Instructions for the task. At the line containing "The Pioneer Woman", begin an exact copy of the lines below and continue through the final one, with no pictures.

Source material.
====

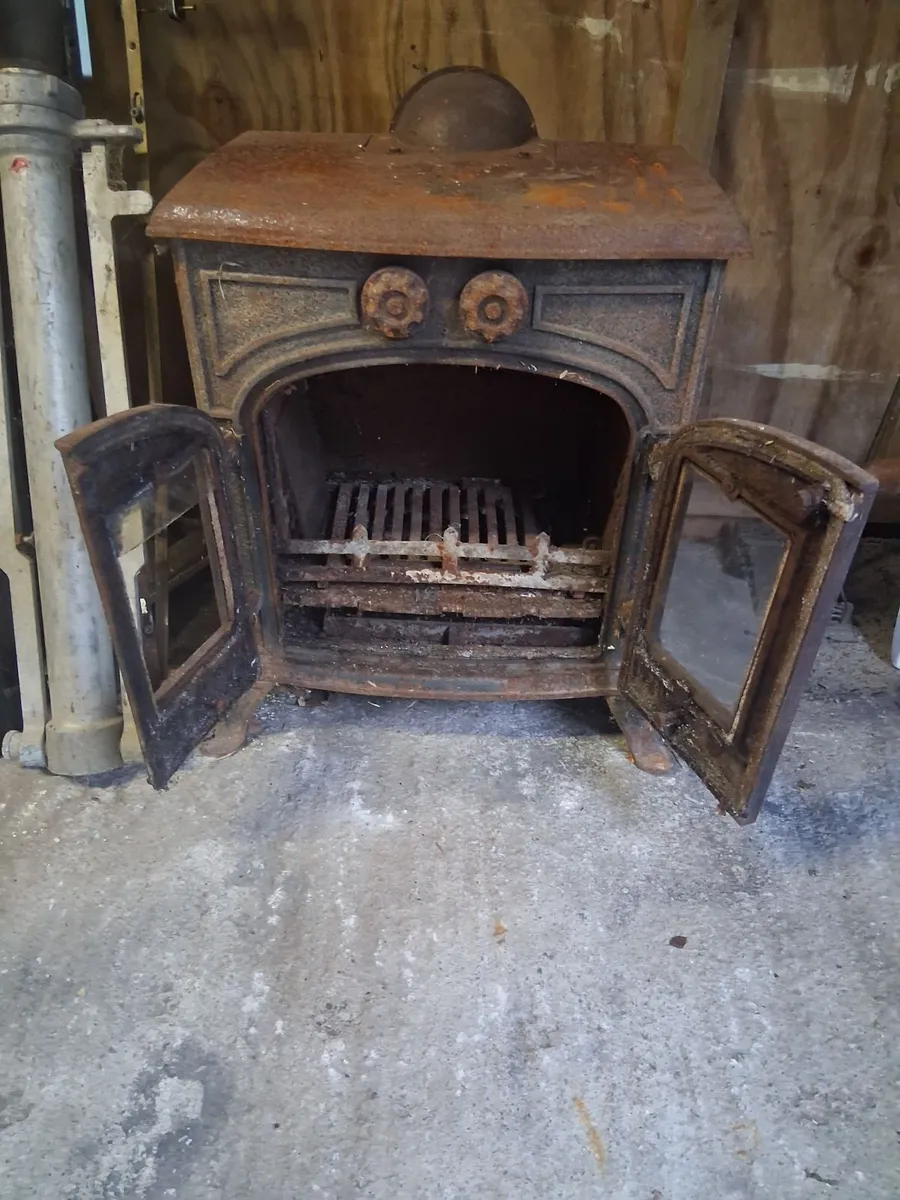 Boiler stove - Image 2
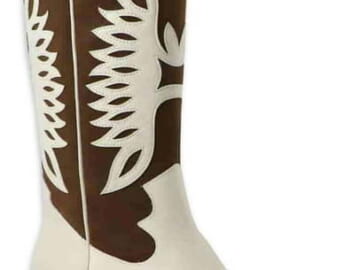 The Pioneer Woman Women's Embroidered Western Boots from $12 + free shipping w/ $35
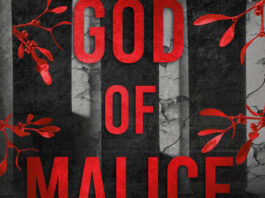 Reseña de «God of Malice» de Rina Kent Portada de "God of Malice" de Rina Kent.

====

Solved exercise.
 The Pioneer Woman Women's Embroidered Western Boots from $12 + free shipping w/ $35
 Reseña de «God of Malice» de Rina Kent Portada de "God of Malice" de Rina Kent.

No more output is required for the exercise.